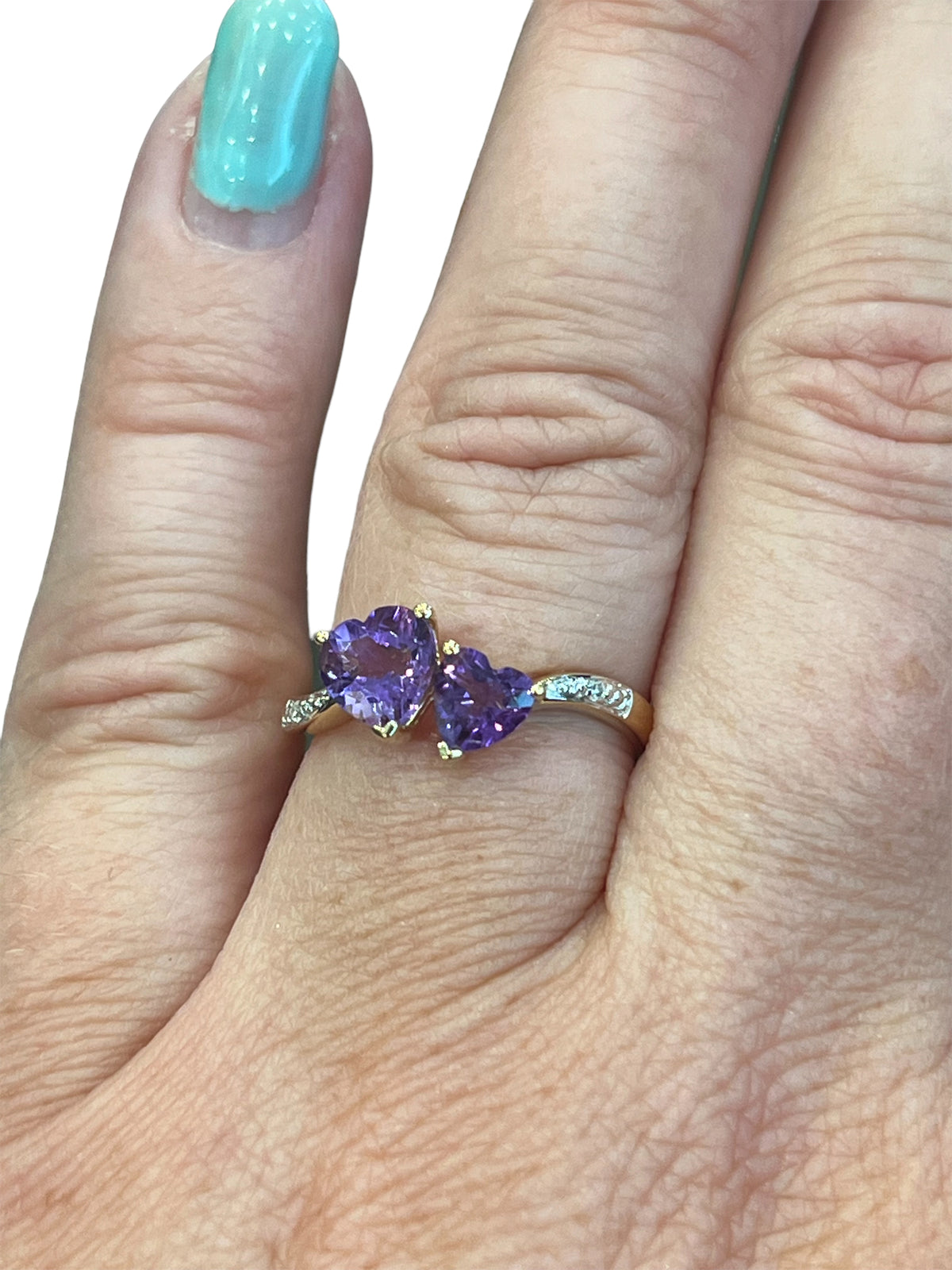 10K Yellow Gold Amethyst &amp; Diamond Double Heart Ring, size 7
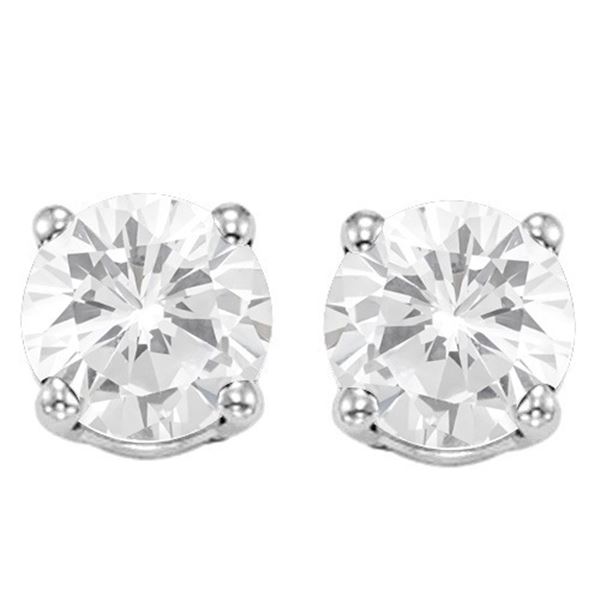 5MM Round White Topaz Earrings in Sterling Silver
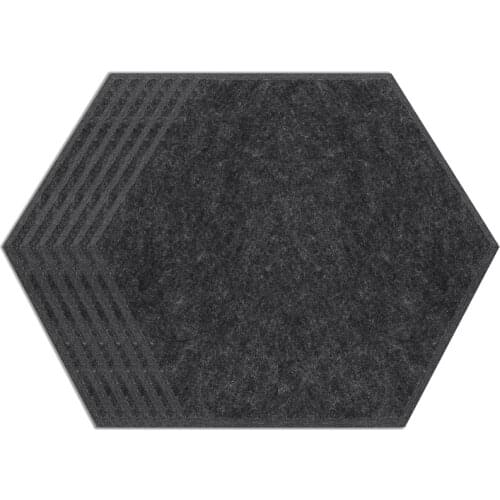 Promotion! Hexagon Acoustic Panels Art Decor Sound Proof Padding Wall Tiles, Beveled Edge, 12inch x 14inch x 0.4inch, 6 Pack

▸ **Task item**: For this exercise, restate the material exactly and skip every picture.

▸ **Exercise result**:
 10K Yellow Gold Amethyst &amp; Diamond Double Heart Ring, size 7
 5MM Round White Topaz Earrings in Sterling Silver
 Promotion! Hexagon Acoustic Panels Art Decor Sound Proof Padding Wall Tiles, Beveled Edge, 12inch x 14inch x 0.4inch, 6 Pack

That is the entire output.